原題は「Unthinkable」、曜日ごとに章に分かれてはいるけど、「4日間!」という事にものすごく意味があるわけじゃない。一言で言えば「アメリカがテロリストに『尋問』で挑む」話。もっともその面白さは、尋問によるサスペンスというより、アメリカにおける色んな立場の交錯、縮図を見るところにある。

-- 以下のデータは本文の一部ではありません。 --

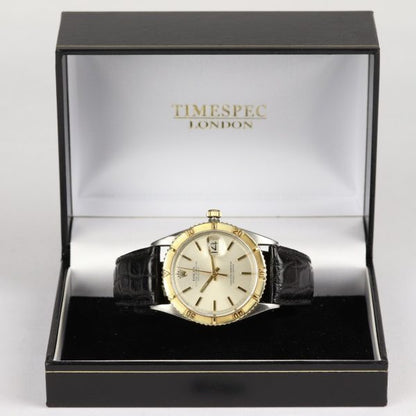 Vintage Gents Rolex Oyster Perpetual Datejust Turn-O-Graph Watch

サミュエル演じる尋問スペシャリスト「H」は、始めの方こそ「常人とは違う勘のよさ」などを見せつけるが、スーパー仕事人というわけではない。いわく「俺のほうが囚われてるんだ」。組織に属さない「鼻つまみ者」と、彼が「唯一良識を持ってる」と認めるブロディ(モス)の仕事ぶりが交互に描かれる。
開始早々、Hがブロディに「君が飴で俺が鞭の役だ」と言うので拍子抜けした。とはいえ日本じゃ飴と鞭という「言葉」が手垢にまみれすぎているだけで、やり方としては実践的なのかもしれない。「切り札」にも驚いたけど、そちらも実際、そういうものなのかもしれない。


現場には更に、ザ・軍人といった感じの上官が「核爆発よりましだろ」「こんなやつの言うことが聞けるか」などとのさばっている。「彼はアメリカ人ですよ!」「国籍を剥奪したからいいだろ」というやりとりにはぎゃふんとさせられた(笑)
しかしこれが「普通」の感覚なんだろう。そう、作中では「普通」という言葉もフューチャーされる。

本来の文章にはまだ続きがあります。